▶ **The task**:
Take the lines in the listing below from the line with "ショッピングセンター　mark is kanamachi（ショッピングセンター）まで987m" up to and including the line with "portrait, woman, bride, white, nude, natural" and set them down exactly, skipping pictures and adding nothing.

▶ **Material for this task**:
● ● ●

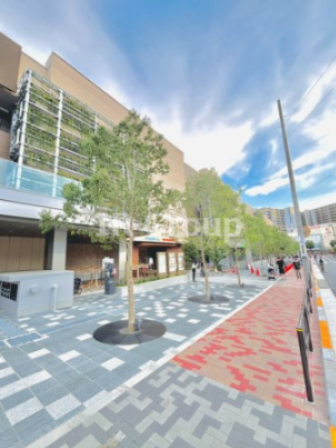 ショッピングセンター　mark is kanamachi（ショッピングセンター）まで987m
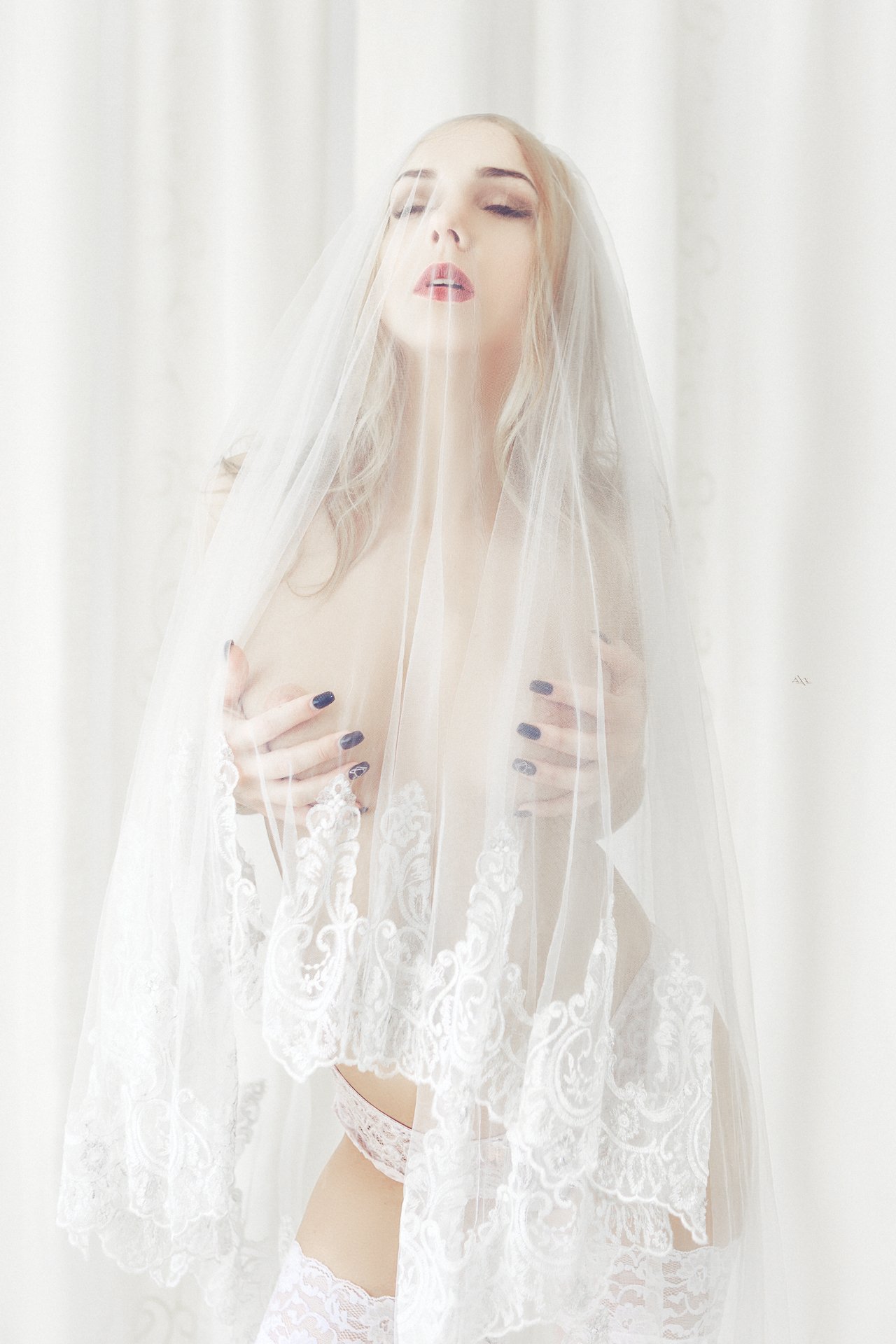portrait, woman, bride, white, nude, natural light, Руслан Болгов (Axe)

● ● ●

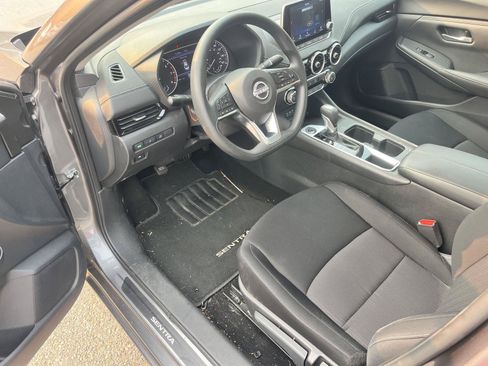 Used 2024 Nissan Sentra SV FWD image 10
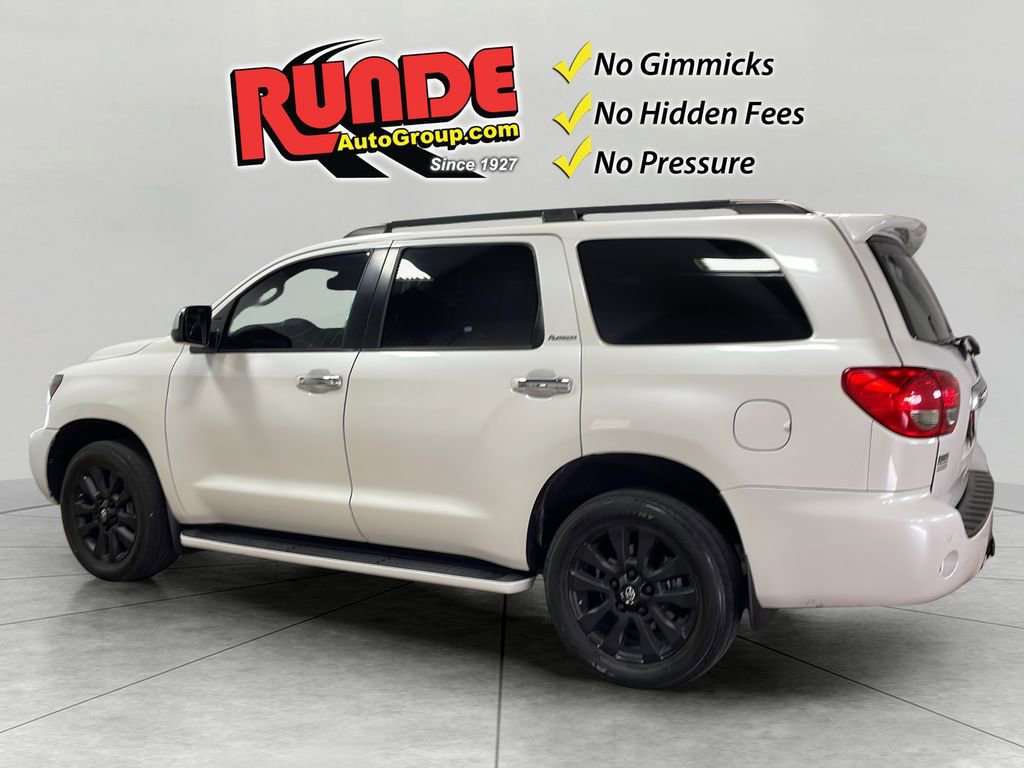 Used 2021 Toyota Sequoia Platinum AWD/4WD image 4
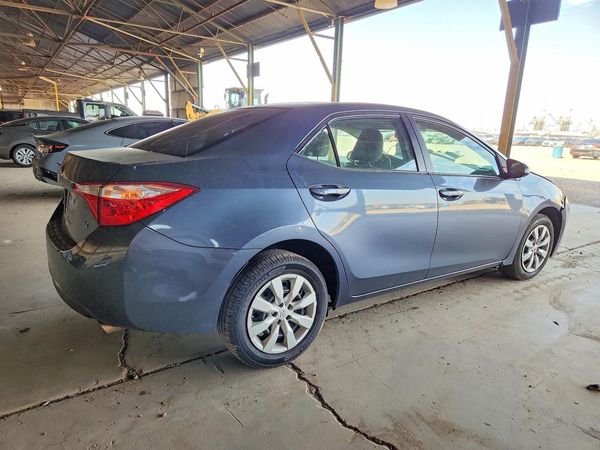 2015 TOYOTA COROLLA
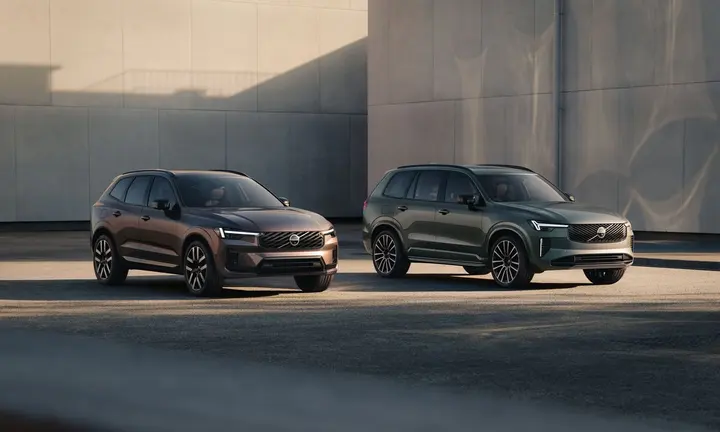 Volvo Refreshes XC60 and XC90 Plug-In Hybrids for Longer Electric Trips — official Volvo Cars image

● ● ●

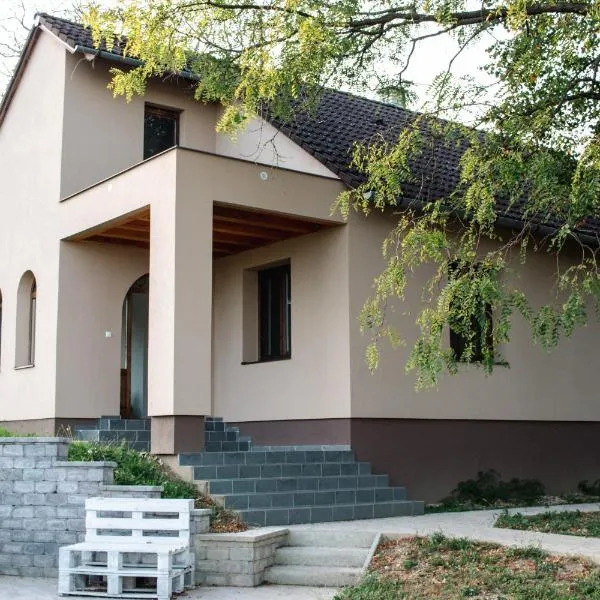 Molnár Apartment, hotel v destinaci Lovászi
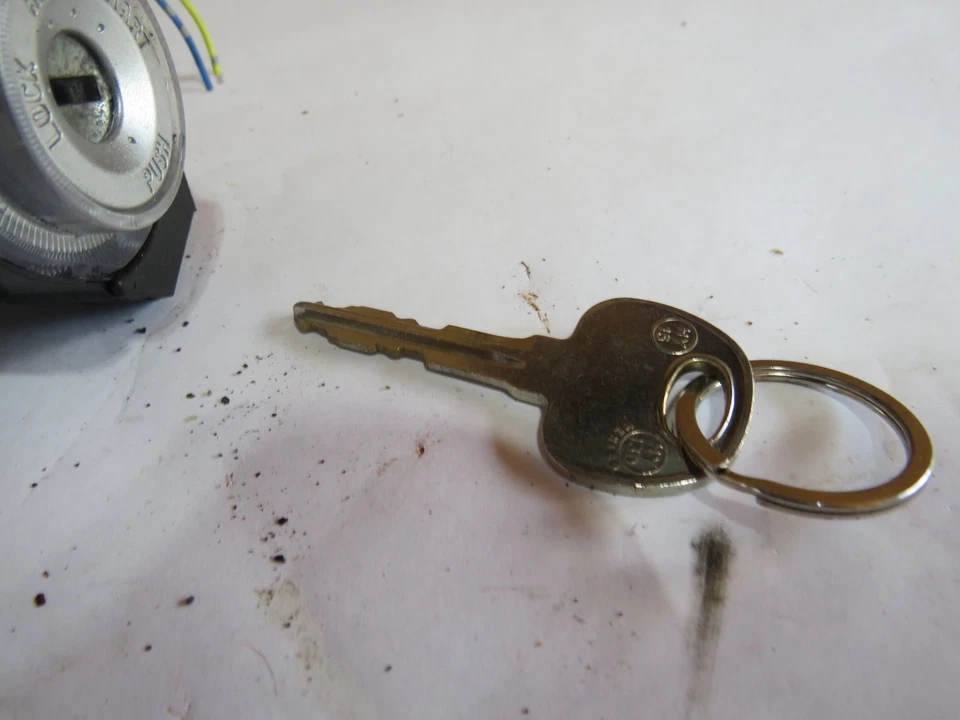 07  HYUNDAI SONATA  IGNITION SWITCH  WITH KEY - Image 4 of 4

● ● ●

▶ **Output for this task**:
 ショッピングセンター　mark is kanamachi（ショッピングセンター）まで987m
portrait, woman, bride, white, nude, natural light, Руслан Болгов (Axe)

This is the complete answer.